The USDS invites the best minds across the tech space to carry out a (voluntary) course of service to consult on major issues and projects affecting the country. They strive to apply insights from digital commerce to government process in order to disrupt, innovate and improve.

The need for the USDS initiative was highlighted by failings in the previous endeavours to modernise processes for government – immigration applications being a prime example:

It takes 6 months for an immigration application to be processed. The application itself is a paper document which will pass through 6 separate processing centres during the course of the application. The government were aware that bringing this online would significantly streamline the process, accordingly they briefed the project out – $1.2billion and 6 years later they still didn’t have anything to show for it.

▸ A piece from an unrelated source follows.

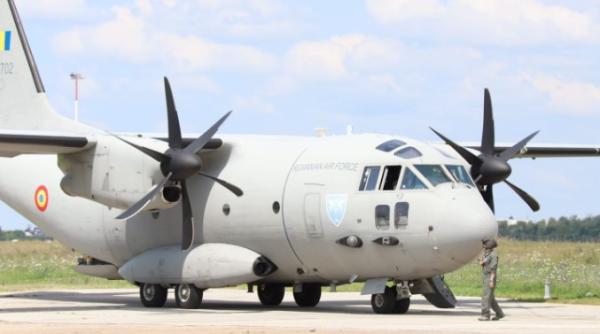 Mai mulți români au fost evacuați din Kabul cu aeronave militare și britanice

The USDS assembled a 6 man team to look into the problem – 3 months down the line they launched a completely online green card replacement portal.

Another initiative carried out by this team was the development of the ‘college scorecard’ which serves to show the value of a college education by highlighting the comparative differences in earnings down the line.

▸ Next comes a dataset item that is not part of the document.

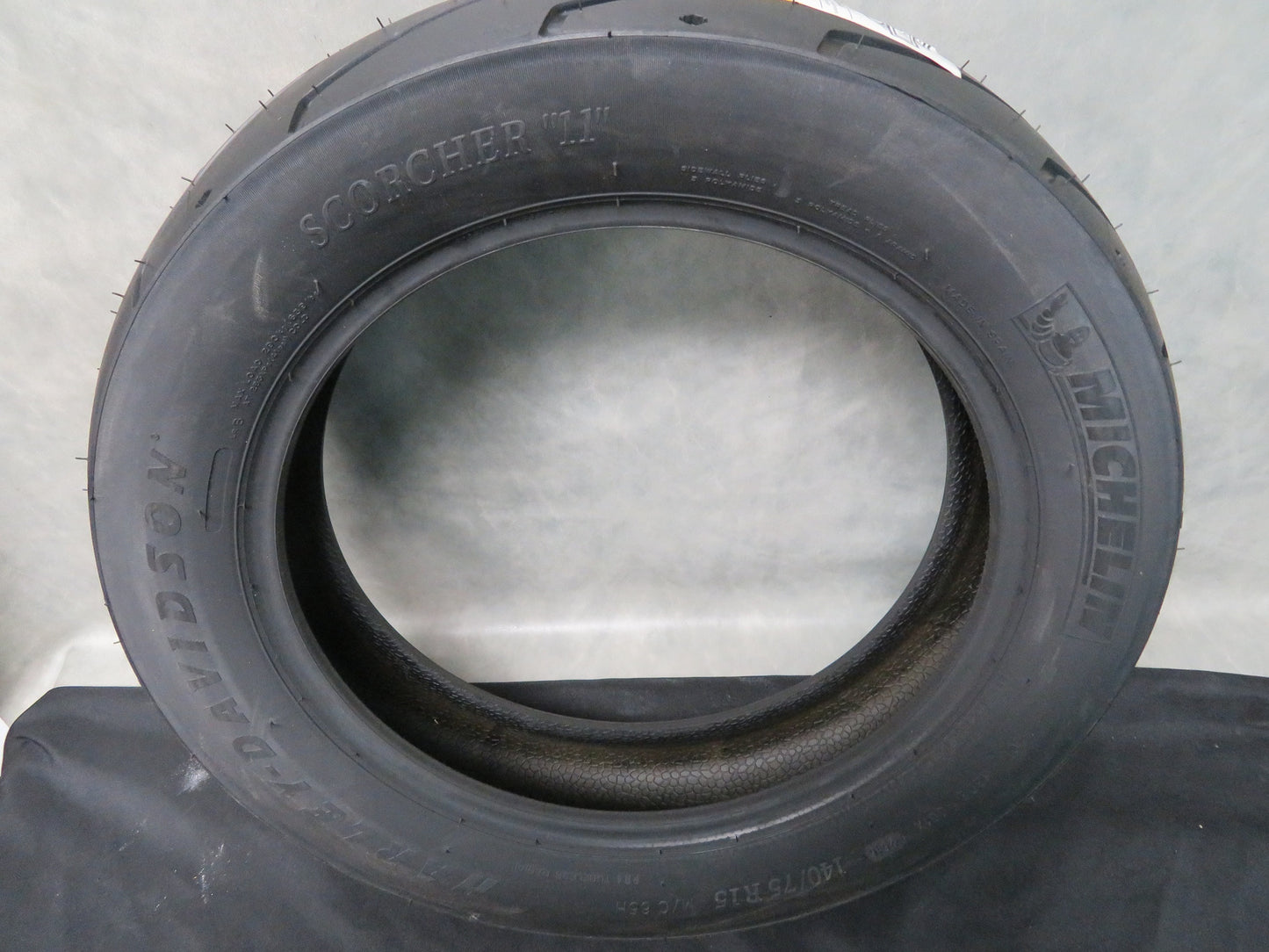 Scorcher 11 Front Tire for Harleys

Over the course of 1 year the USDS has grown to 140 people – from one of the US government’s smallest offices to one of the biggest.

Clarence Wardell 

One of the projects the USDS were tasked with related to an initiative to build public confidence in the police within communities of colour – using technology.

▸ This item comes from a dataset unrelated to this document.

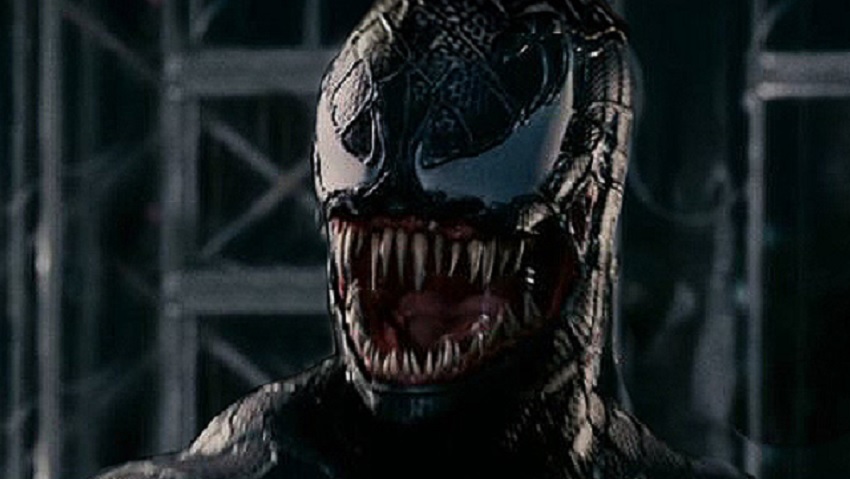 Venom from Spider-Man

To this end, they developed the Police Data Initiative which facilitates open sharing of the data behind policing (arrests etc). With support from data technologists, www.publicsafetydataportal.org  was launched to drive trust through transparency.


Aden Van Noppen 

In early March 2016 the USDS launched ‘The Opportunity Project’ www.opportunity.census.gov – which uses open data to show access to opportunity across the USA.

The project draws from 200,000 different data sets from data.gov and serves to inform people of education, housing and work opportunities in a specific area alongside other insight such as pollution stats.

Essentially the aim is to empower people to understand where they could move to in the country to access the opportunities most relevant for them whilst also flagging gaps in infrastructure and transit links for local leaders.

The platform will consistently evolve as it has been overlaid with ‘Streetwyze’ which facilitates collective feedback from residents which serves as a counterpart, sense-check and addition to the governmental data insight.

As part of this project, the USDS built 12 tools in 6 weeks – and have now brought onboard 30 companies to support in the development of an ever expanding toolkit.

All with the ultimate aim of ‘unleashing the power of open data to make sure that a zipcode doesn’t define someone’s destiny’.